Problem: From the line with "diaľkové ovládanie šedý" to the line with "Кусторез LISTOK с волнистыми лезвиями /6/12", output every line below exactly, both ends included. Skip the pictures.

Records for the exercise:
########

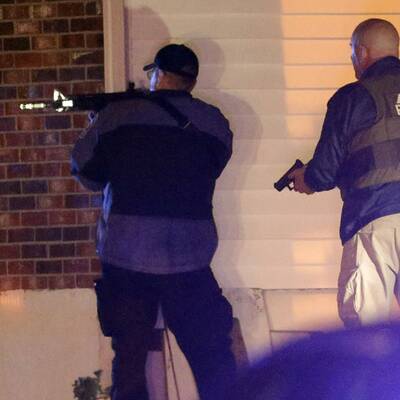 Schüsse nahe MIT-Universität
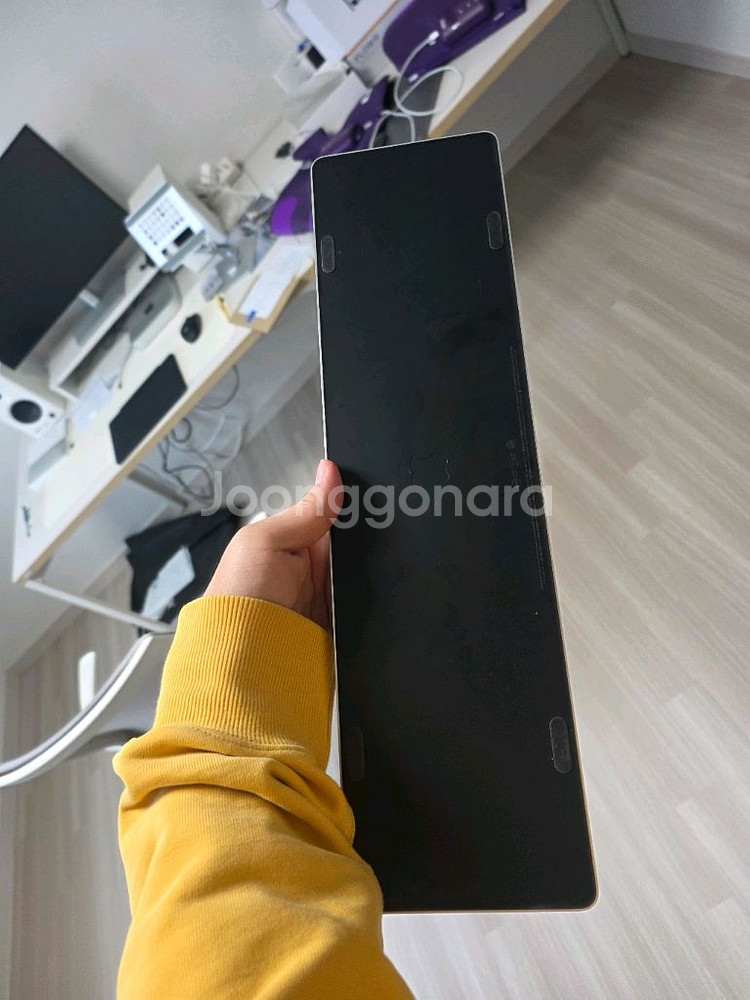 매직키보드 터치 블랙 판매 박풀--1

########

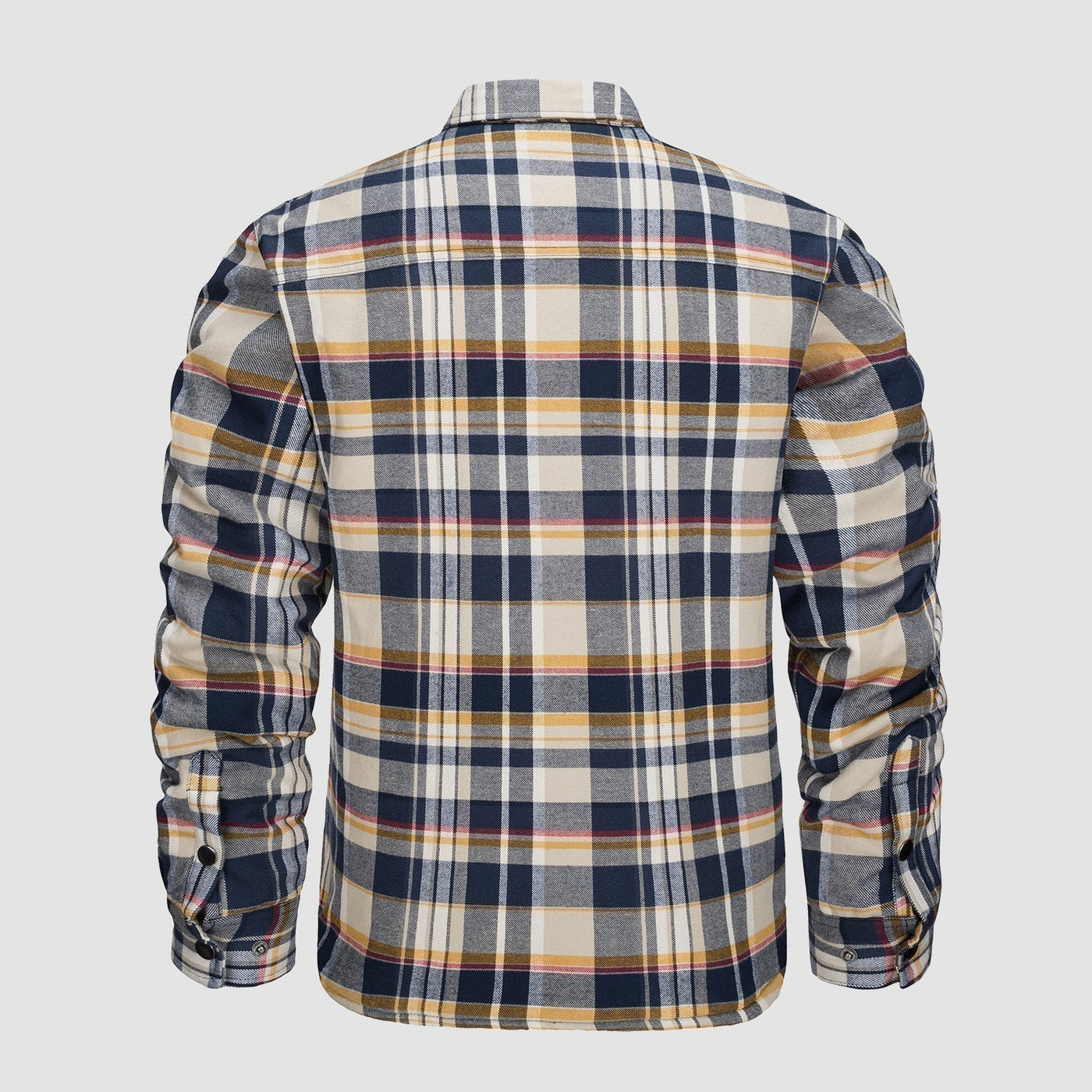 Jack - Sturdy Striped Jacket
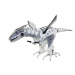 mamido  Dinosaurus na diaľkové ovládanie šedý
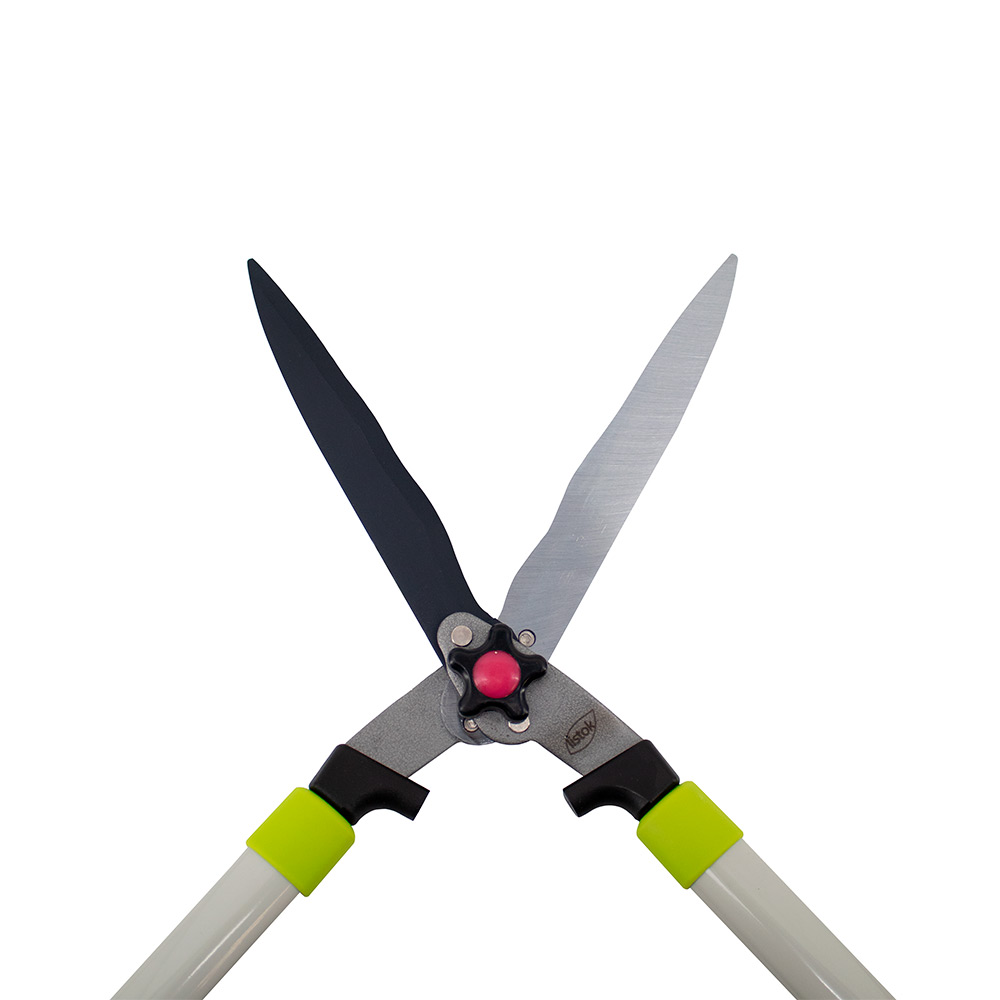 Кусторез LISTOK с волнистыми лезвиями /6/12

########

Answer for the task:
 mamido  Dinosaurus na diaľkové ovládanie šedý
 Кусторез LISTOK с волнистыми лезвиями /6/12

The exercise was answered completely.